異なる世界の狭間 ミャンマー

3回連続でのミャンマー関係の話題で恐縮である。

しかしながらインドの隣国であること、英領期にはインドと合邦していた時期もあること、ムガル最後の皇帝バハードゥル・シャー・ザファルの流刑地であったこと、20世紀初頭のヤンゴンは事実上「インドの街」であったことなどから、インド繋がりで関心のあるミャンマーということでご容赦願いたい。

Travel Visionのサイトを閲覧していると、今年の7月から8月にかけての古い記事になるが以下のようなものがあった。

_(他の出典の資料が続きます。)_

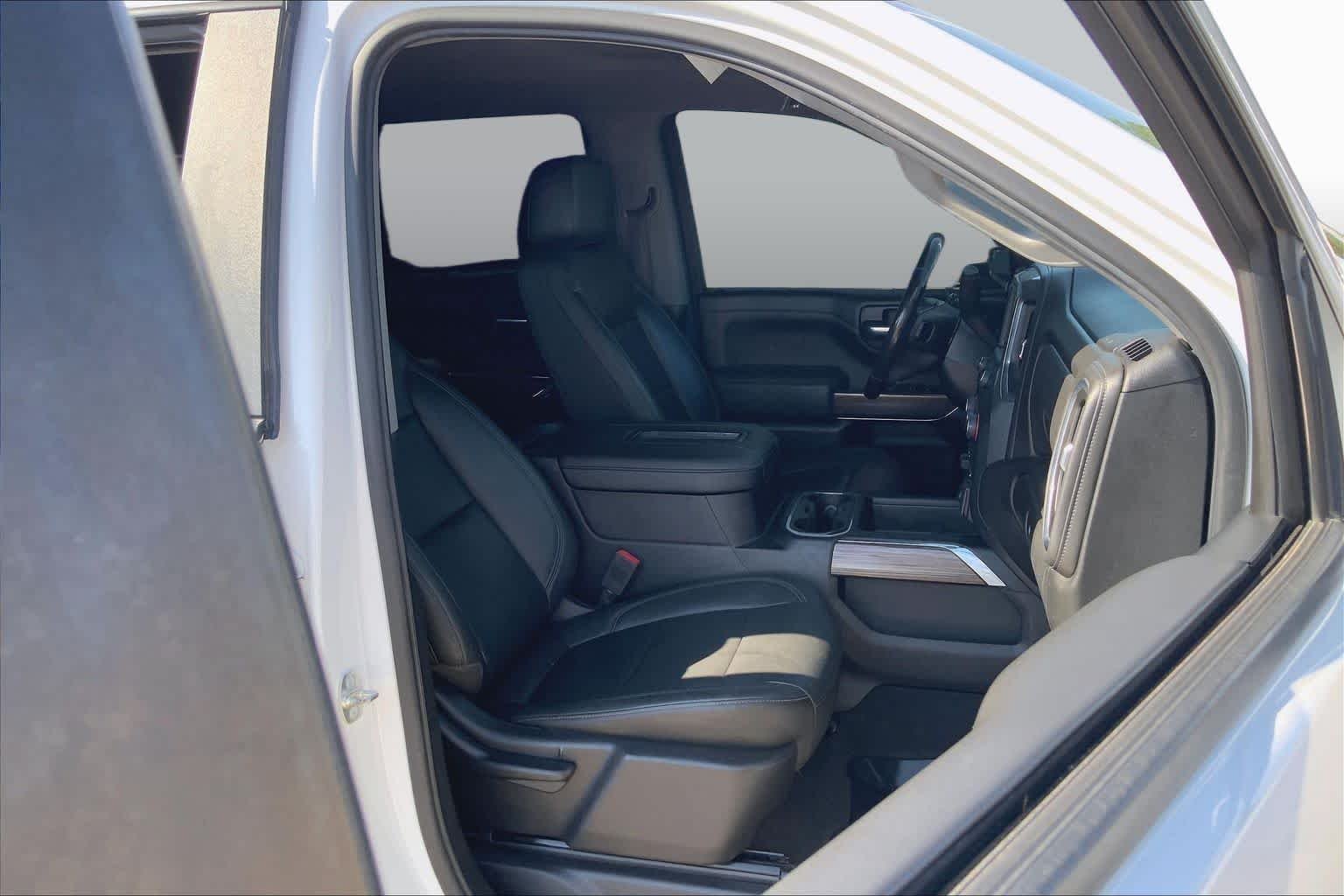 Used 2019 Summit White Chevrolet RST image 9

ミャンマー国際航空、9月にチャーター4本、JTB九州単独で (Travel Vision)

首都圏や大阪エリア以外でもミャンマーへの航空需要の観測気球が上げられているようだ。今年のGWには成田と関空以外からも、福岡と沖縄からミャンマー国際航空(MAI)のチャーター便が飛んでいたとは知らなかった。

またこんな記事もある。

全日空、ミャンマーの新興航空会社に投資、株49%取得 (Travel Vision)

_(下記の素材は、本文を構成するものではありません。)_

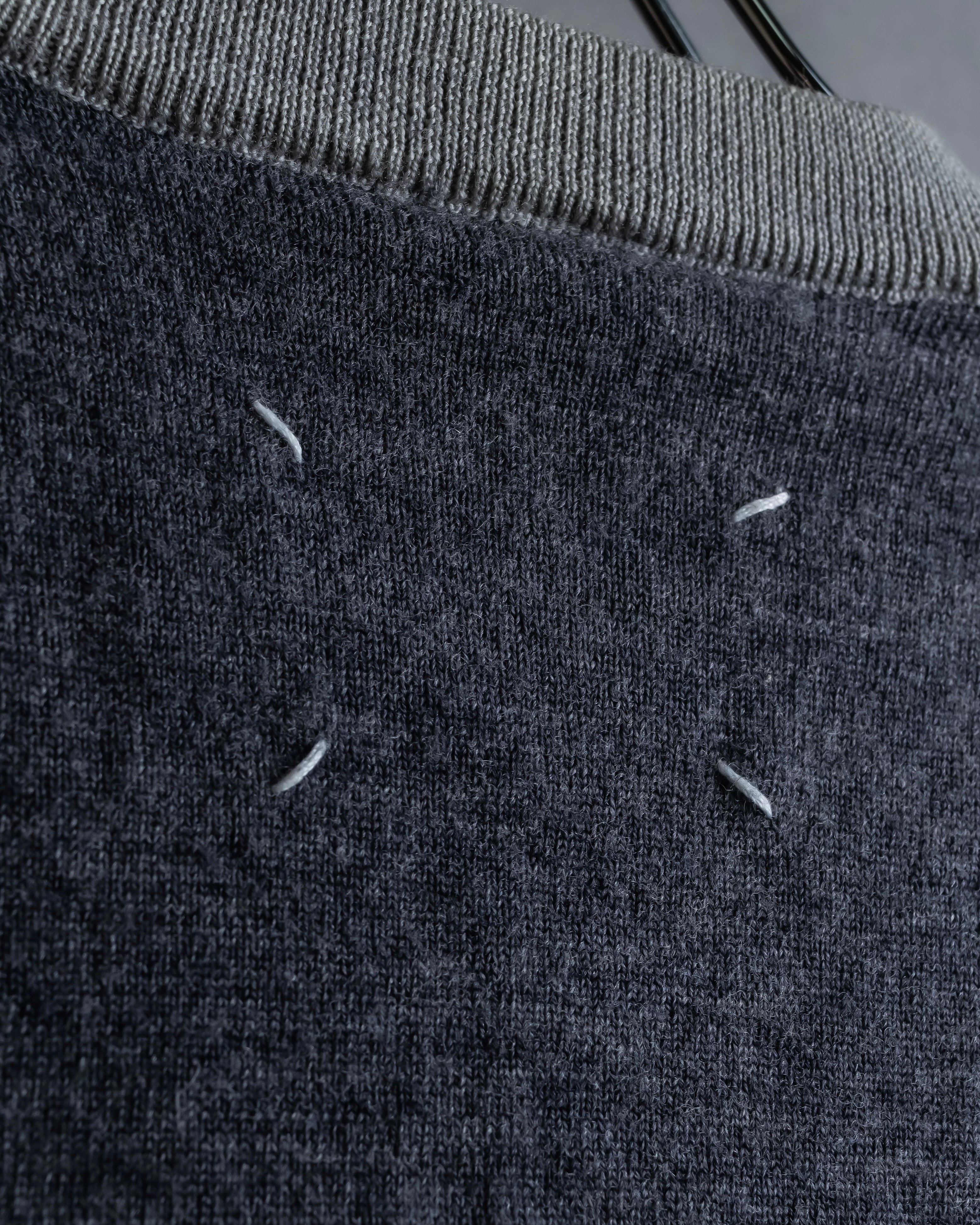 "Maison Martin Margiela" 2008SS two-tone V-neck knit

「現在は国内線のみを展開しているが今年10月には国際線の就航を予定」とあるものの、今年11月現在までのところ、国際線への進出は果たしていない。しかしながら今後は全日空とのコードシェア便等の導入がなされることがあれば、大いに利用価値のあるものとなるかもしれない。

一度就航して、間もなく運休していた直線距離にして100km程度ながらも、タイ南部からが再就航した、こんなルートもある。

ミャンマー、タイ、ノックエアー「モーラミャイン~メーソート」間の直行便再開(9月~)(Travel Vision)

ミャンマーのモーラミャインとタイのメーソートの間にあるミャワディ/メーサウ国境は、今年8月末ごろから、ミャンマーとタイの他の3つの地点(タチレイ/メーサイ、ティーキー/プナユン、コタウン/ヤナウン)とともに、往来がタイ・ミャンマー以外の第三国の人々に対しても自由化(これまでは制限付きでこれらの地点を越えることができた)されることとなった。人の流れとともに、物流も盛んになることだろう。

Four border checkpoints to be opened to all this week (The Nation)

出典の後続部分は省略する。